Entries taken from a collection:
○ ○ ○ ○ ○

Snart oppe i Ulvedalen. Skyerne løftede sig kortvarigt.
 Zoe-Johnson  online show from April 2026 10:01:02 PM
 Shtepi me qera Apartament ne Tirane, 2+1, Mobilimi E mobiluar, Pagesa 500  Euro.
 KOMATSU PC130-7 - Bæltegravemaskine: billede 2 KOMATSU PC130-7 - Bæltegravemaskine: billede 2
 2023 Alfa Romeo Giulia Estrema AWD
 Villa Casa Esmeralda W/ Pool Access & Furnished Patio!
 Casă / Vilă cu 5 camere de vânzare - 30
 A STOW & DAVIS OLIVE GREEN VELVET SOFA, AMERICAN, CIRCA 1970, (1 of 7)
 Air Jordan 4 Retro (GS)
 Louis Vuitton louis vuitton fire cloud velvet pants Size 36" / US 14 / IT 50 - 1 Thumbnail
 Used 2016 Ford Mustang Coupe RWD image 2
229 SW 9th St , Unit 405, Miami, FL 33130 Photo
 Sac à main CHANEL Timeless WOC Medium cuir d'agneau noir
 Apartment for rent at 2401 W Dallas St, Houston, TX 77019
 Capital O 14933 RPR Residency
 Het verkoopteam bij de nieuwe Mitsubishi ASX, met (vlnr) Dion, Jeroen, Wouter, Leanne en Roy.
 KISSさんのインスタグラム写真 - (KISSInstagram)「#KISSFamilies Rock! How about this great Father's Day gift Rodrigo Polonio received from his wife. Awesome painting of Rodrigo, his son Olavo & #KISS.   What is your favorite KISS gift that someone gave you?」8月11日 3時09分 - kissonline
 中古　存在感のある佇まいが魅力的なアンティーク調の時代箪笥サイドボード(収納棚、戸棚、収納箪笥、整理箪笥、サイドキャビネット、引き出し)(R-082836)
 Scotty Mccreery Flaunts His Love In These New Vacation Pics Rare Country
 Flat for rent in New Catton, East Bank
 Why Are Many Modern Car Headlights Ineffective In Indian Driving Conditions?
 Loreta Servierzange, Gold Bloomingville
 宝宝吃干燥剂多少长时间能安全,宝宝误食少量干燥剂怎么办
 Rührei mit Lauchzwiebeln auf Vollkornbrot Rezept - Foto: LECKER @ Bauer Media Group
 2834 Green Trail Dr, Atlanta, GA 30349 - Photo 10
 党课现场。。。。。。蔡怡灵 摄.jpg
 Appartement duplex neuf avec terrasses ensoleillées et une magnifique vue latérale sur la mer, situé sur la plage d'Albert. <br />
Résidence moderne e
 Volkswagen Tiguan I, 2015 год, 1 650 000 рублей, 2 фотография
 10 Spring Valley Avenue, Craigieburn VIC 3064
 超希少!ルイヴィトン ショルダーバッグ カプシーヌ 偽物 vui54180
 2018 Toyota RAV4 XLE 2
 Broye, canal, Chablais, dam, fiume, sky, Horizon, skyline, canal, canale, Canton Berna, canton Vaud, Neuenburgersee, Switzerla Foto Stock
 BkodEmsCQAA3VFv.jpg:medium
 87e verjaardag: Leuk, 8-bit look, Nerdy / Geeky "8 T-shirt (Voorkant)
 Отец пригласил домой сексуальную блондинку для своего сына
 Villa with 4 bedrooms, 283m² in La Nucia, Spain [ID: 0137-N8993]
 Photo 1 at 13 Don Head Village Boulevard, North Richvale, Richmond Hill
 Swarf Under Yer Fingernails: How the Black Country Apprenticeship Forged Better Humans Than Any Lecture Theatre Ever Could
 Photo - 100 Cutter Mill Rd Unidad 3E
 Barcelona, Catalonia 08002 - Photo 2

○ ○ ○ ○ ○

▶ **What you should do**:
Please write the entries out again exactly as they stand.

▶ **Response area**:
Snart oppe i Ulvedalen. Skyerne løftede sig kortvarigt.
 Zoe-Johnson  online show from April 2026 10:01:02 PM
 Shtepi me qera Apartament ne Tirane, 2+1, Mobilimi E mobiluar, Pagesa 500  Euro.
 KOMATSU PC130-7 - Bæltegravemaskine: billede 2 KOMATSU PC130-7 - Bæltegravemaskine: billede 2
 2023 Alfa Romeo Giulia Estrema AWD
 Villa Casa Esmeralda W/ Pool Access & Furnished Patio!
 Casă / Vilă cu 5 camere de vânzare - 30
 A STOW & DAVIS OLIVE GREEN VELVET SOFA, AMERICAN, CIRCA 1970, (1 of 7)
 Air Jordan 4 Retro (GS)
 Louis Vuitton louis vuitton fire cloud velvet pants Size 36" / US 14 / IT 50 - 1 Thumbnail
 Used 2016 Ford Mustang Coupe RWD image 2
229 SW 9th St , Unit 405, Miami, FL 33130 Photo
 Sac à main CHANEL Timeless WOC Medium cuir d'agneau noir
 Apartment for rent at 2401 W Dallas St, Houston, TX 77019
 Capital O 14933 RPR Residency
 Het verkoopteam bij de nieuwe Mitsubishi ASX, met (vlnr) Dion, Jeroen, Wouter, Leanne en Roy.
 KISSさんのインスタグラム写真 - (KISSInstagram)「#KISSFamilies Rock! How about this great Father's Day gift Rodrigo Polonio received from his wife. Awesome painting of Rodrigo, his son Olavo & #KISS.   What is your favorite KISS gift that someone gave you?」8月11日 3時09分 - kissonline
 中古　存在感のある佇まいが魅力的なアンティーク調の時代箪笥サイドボード(収納棚、戸棚、収納箪笥、整理箪笥、サイドキャビネット、引き出し)(R-082836)
 Scotty Mccreery Flaunts His Love In These New Vacation Pics Rare Country
 Flat for rent in New Catton, East Bank
 Why Are Many Modern Car Headlights Ineffective In Indian Driving Conditions?
 Loreta Servierzange, Gold Bloomingville
 宝宝吃干燥剂多少长时间能安全,宝宝误食少量干燥剂怎么办
 Rührei mit Lauchzwiebeln auf Vollkornbrot Rezept - Foto: LECKER @ Bauer Media Group
 2834 Green Trail Dr, Atlanta, GA 30349 - Photo 10
 党课现场。。。。。。蔡怡灵 摄.jpg
 Appartement duplex neuf avec terrasses ensoleillées et une magnifique vue latérale sur la mer, situé sur la plage d'Albert. <br />
Résidence moderne e
 Volkswagen Tiguan I, 2015 год, 1 650 000 рублей, 2 фотография
 10 Spring Valley Avenue, Craigieburn VIC 3064
 超希少!ルイヴィトン ショルダーバッグ カプシーヌ 偽物 vui54180
 2018 Toyota RAV4 XLE 2
 Broye, canal, Chablais, dam, fiume, sky, Horizon, skyline, canal, canale, Canton Berna, canton Vaud, Neuenburgersee, Switzerla Foto Stock
 BkodEmsCQAA3VFv.jpg:medium
 87e verjaardag: Leuk, 8-bit look, Nerdy / Geeky "8 T-shirt (Voorkant)
 Отец пригласил домой сексуальную блондинку для своего сына
 Villa with 4 bedrooms, 283m² in La Nucia, Spain [ID: 0137-N8993]
 Photo 1 at 13 Don Head Village Boulevard, North Richvale, Richmond Hill
 Swarf Under Yer Fingernails: How the Black Country Apprenticeship Forged Better Humans Than Any Lecture Theatre Ever Could
 Photo - 100 Cutter Mill Rd Unidad 3E
 Barcelona, Catalonia 08002 - Photo 2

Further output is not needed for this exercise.